--- How to complete this task ---
In the entries that follow, find the line containing "Customer photo review"; from there, copy every line exactly through the line containing "Jordan 5 Fire Red 2020 PO (No Box) 9.5".
:: Materials provided ::
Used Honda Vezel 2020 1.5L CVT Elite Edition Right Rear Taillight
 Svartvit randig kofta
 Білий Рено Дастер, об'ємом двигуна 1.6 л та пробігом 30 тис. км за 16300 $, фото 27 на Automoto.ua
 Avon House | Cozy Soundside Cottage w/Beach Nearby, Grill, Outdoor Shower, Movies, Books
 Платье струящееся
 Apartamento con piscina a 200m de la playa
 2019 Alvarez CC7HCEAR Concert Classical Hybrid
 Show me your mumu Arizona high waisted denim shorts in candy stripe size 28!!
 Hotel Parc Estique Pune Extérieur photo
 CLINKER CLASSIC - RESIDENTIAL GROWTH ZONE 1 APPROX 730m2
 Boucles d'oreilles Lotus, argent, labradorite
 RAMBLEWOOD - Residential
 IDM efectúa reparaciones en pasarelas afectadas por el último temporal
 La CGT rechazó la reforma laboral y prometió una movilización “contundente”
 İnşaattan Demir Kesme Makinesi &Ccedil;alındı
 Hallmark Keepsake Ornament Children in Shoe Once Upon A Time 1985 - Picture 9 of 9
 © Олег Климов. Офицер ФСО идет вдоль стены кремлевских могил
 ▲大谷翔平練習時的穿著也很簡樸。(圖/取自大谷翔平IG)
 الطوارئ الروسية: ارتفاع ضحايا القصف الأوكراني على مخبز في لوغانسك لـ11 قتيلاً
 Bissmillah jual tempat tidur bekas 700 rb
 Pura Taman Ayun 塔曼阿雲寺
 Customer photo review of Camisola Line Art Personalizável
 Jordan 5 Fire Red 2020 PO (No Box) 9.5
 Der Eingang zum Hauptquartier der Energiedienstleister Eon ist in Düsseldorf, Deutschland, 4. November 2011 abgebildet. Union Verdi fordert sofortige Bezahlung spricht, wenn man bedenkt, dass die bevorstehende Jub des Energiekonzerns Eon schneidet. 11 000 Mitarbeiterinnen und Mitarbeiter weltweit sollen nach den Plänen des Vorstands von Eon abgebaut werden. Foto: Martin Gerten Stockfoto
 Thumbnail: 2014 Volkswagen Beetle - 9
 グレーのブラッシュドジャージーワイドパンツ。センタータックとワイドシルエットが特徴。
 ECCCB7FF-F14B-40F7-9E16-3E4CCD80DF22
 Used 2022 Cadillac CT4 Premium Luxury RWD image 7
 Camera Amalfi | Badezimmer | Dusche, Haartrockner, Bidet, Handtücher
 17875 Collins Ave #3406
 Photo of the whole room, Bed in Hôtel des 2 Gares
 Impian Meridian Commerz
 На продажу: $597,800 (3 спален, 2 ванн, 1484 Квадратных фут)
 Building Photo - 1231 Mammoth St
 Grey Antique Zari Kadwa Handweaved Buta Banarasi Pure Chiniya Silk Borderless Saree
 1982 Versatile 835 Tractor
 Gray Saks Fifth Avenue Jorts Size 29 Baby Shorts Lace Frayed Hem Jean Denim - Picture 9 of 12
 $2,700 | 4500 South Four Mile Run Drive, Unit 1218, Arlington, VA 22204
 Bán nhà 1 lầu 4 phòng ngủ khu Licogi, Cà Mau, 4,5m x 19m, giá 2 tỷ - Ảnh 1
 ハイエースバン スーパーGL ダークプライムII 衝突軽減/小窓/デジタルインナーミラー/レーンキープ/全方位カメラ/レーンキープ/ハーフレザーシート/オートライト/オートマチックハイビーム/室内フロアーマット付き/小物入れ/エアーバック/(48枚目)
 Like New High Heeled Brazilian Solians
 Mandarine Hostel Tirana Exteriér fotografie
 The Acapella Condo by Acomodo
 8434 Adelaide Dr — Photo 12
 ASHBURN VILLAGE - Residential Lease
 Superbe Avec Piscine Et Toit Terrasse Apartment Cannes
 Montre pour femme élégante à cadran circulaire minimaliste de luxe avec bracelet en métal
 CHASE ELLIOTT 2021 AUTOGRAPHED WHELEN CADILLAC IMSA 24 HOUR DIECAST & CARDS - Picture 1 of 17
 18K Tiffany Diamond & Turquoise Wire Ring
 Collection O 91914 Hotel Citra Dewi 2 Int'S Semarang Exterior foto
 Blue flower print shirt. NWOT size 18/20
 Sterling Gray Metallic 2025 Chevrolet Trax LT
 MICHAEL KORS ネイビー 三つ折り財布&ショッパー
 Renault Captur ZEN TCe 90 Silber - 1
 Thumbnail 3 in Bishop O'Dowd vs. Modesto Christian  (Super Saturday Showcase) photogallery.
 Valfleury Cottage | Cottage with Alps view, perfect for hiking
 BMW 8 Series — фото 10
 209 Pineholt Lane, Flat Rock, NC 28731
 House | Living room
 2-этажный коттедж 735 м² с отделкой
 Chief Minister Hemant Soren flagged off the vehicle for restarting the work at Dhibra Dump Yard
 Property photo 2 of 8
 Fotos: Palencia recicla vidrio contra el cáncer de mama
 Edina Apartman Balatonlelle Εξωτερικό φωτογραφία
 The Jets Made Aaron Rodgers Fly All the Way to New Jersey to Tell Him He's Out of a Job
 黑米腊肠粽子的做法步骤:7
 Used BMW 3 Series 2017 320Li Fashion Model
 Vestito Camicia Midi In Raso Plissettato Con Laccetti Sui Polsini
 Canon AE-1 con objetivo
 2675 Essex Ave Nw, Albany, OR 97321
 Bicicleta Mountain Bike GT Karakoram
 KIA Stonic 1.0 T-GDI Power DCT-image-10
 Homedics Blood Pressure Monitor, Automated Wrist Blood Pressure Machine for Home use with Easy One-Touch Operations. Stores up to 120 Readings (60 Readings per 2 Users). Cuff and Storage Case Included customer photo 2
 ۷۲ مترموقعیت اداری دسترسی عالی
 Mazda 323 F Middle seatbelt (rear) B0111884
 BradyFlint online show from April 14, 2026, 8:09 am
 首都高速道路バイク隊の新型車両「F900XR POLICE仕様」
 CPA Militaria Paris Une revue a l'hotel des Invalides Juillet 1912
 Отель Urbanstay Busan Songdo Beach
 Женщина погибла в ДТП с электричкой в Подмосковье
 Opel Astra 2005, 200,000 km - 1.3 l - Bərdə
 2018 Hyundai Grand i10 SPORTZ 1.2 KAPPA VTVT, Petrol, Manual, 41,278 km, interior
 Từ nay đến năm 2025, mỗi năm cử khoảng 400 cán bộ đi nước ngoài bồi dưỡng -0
:::
--- Answer for the task ---
 Customer photo review of Camisola Line Art Personalizável
 Jordan 5 Fire Red 2020 PO (No Box) 9.5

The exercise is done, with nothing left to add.